Institutional Capital Is Targeting Single-Tenant Office as a Flight to Safety
The trend is driving record-breaking deals for select properties that offer stable income and long-term tenancy.
Single-tenant office properties are serving as a flight-to-safety for institutional office investors. A webinar from Green Street tracked the post-COVID deal flow highlighted the trend. Institutional capital is attracted to the stable income and long-term tenancy of single-tenant properties as a hedge against downside risk, and they are willing to pay big for properties that fit the bill.
Richard Quinn, managing editor of Commercial Mortgage Alert & Real Estate Alert News called the HQ at First transaction in San Jose the “poster child” for the trend. KKR purchased the property from Monterey Trust for $535 million, a record at the time. Interestingly, Monterey Trust purchased the property pre-pandemic in 2019 for $429 million, showing that the asset continued to appreciate through the pandemic, despite the destabilization in the office market.

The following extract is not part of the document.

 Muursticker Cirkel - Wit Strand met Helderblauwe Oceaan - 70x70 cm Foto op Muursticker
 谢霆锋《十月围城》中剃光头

“This shows where people want to be,” said Quinn in the webinar. “In hot markets, these are the deals that are trading. The price differential is not only above where we might have been during the trough of the pandemic, but there is such a turnaround from the price valuation in 2019. You are really seeing where the money is gravitating. This is telling you where institutional money is starting to look.”
One Memorial Drive in Cambridge is a similar example of this trend. MetLife and Norges Bank purchased the property for$825.1 million, another record-breaking deal. Although the property isn’t single-tenant—it is leased to two long-term tenants—Quinn says that it still aligns with the trend as a flight to safety. “This is where institutional capital sees safety and is willing to put money to work,” he said.
Most of the office transactions this year have focused on this type of product, according to Cedrik Lachance, EVP and director of research at Green Street, who also spoke on the webinar. “This is really where the bulk of the activity has been. I think that it is about seeing through the pandemic and getting to the other side with something that is income producing,” said Lachance, noting that the cap rate on the Cambridge deal was 4.1% and the price per square foot is impressive.
This trend has also driven investment to new markets. Most notably, New York is no longer the top investment market for office. As Quinn notes, this is likely because New York has limited single-tenant properties. Instead, capital is now heading to Smile State markets, like Atlanta, Phoenix and Raleigh. This year, those markets have seen record after record in pricing.